Cloudera and StreamNative are open-sourcing an integration between Apache NiFi and Apache Pulsar. Together, NiFi and Pulsar enable companies to create a cloud-native, scalable, real-time streaming data platform that can ingest, transform, and analyze massive amounts of data.
StreamNative was founded by the original creators of Apache Pulsar and the team is excited to contribute the integration to the open source. The Cloudera team includes some of the original developers of Apache NiFi and will make the connector available inside the Cloudera platform.
According to the company, the synergies realized by combining these technologies inside your data platform will be significant. All of your dataflow management needs including prioritization, back pressure, and edge intelligence are provided by NiFi.
You can use NiFi’s extensive suite of connectors to automate the flow of data into your streaming platform while performing ETL processing along the way. After the data has been transformed, it can be routed directly to Pulsar’s durable stream storage for long-term retention via these new NiFi processors designed for Apache Pulsar.

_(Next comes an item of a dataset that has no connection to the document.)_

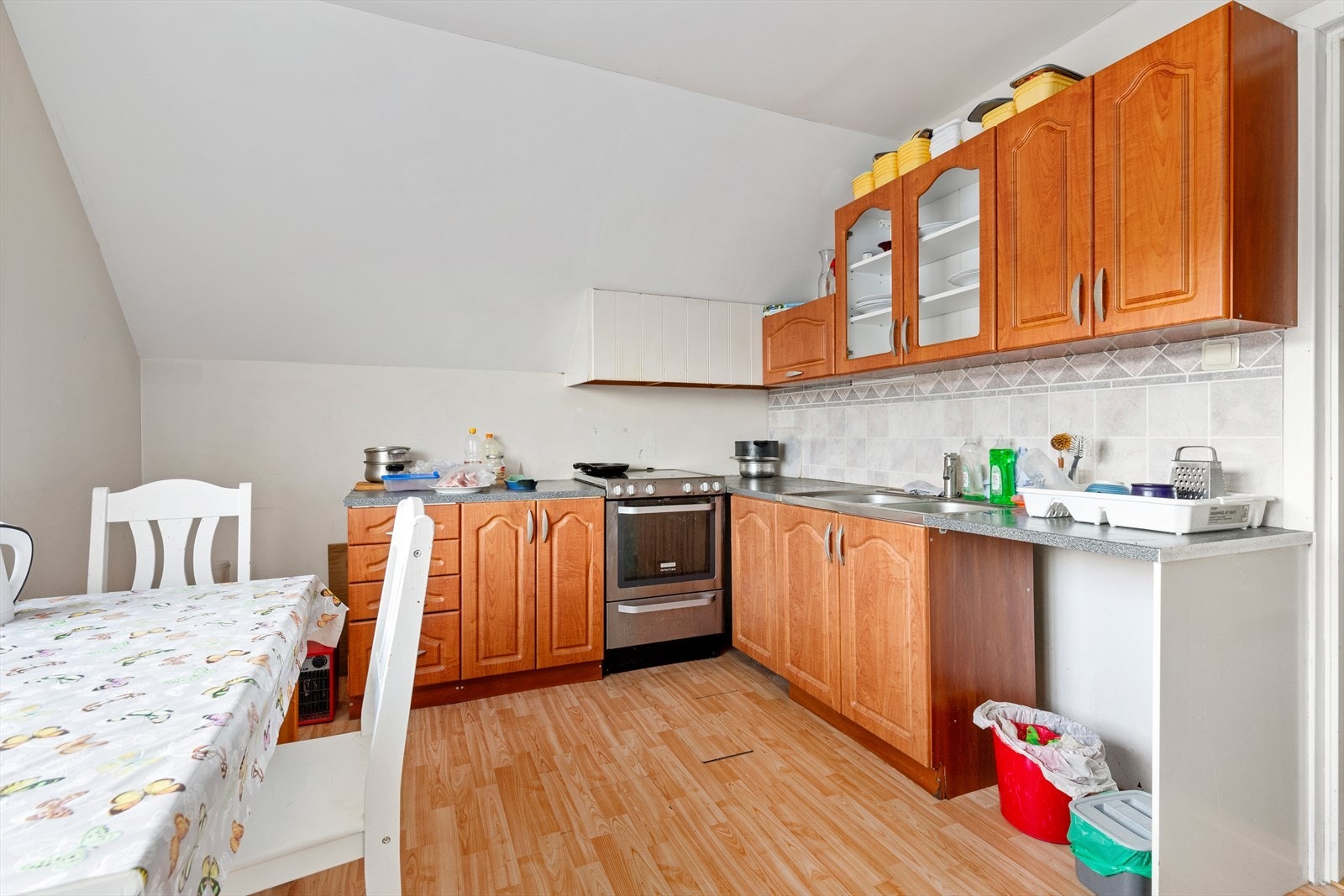 Kjøkken med plass for spisebord Galleribilde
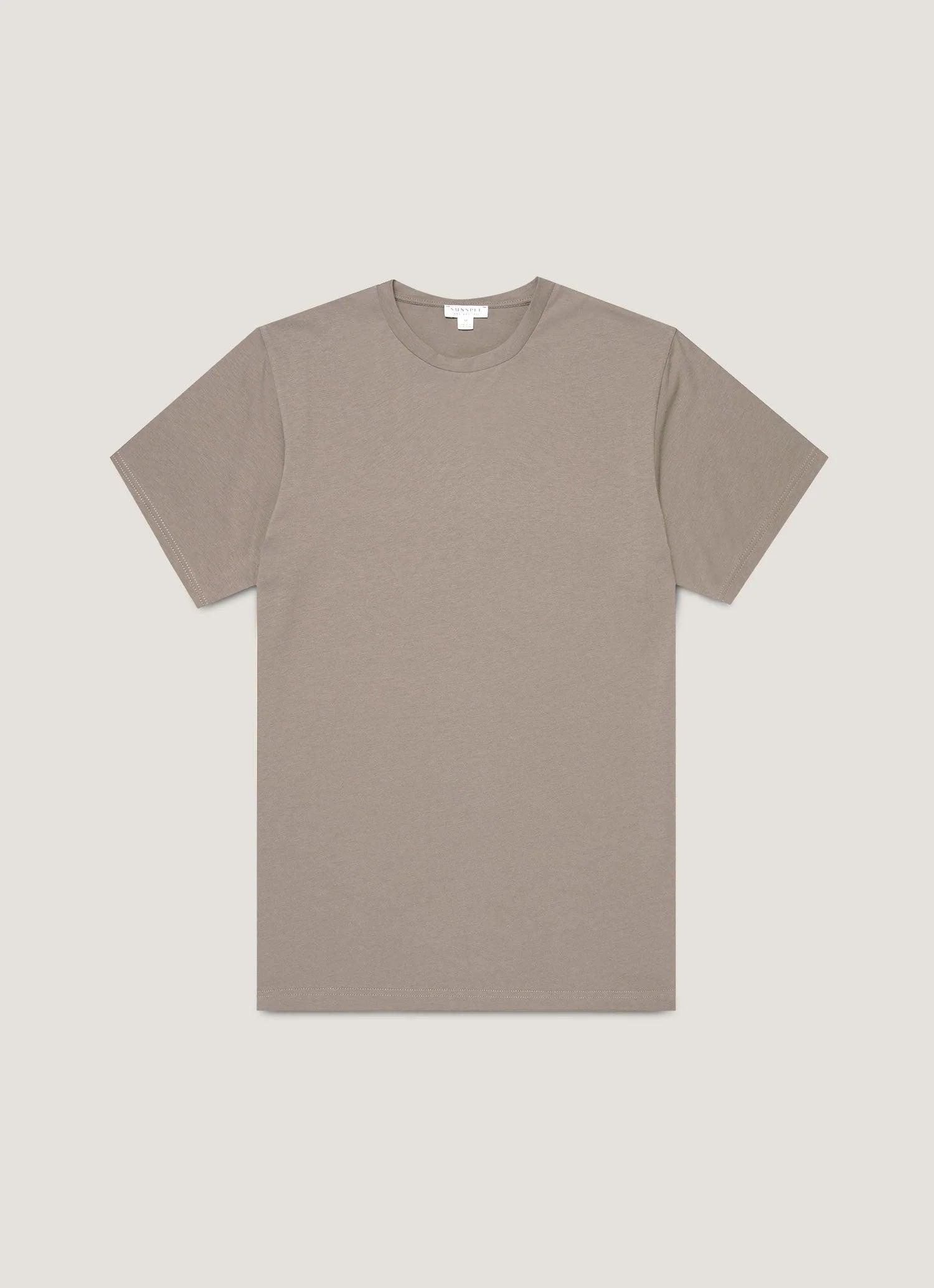 Riviera Midweight T-Shirt in Iron Grey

Once the data has been stored inside Pulsar, it can be made readily available to various popular stream processing engines such as Flink or Spark, for more complex streaming processing and analytics use cases. In short, NiFi’s extensive suite of connectors makes it easy to “get data in” to your streaming platform, and Pulsar’s integration with Flink and Spark makes it easy to get real-time insights out.
With this update, you will be able to consume and produce messages from Pulsar topics at scale with simple configuration settings within Apache NiFi. Cloudera makes these processors available out of the box for CDF for Data Hub 7.2.14 and newer.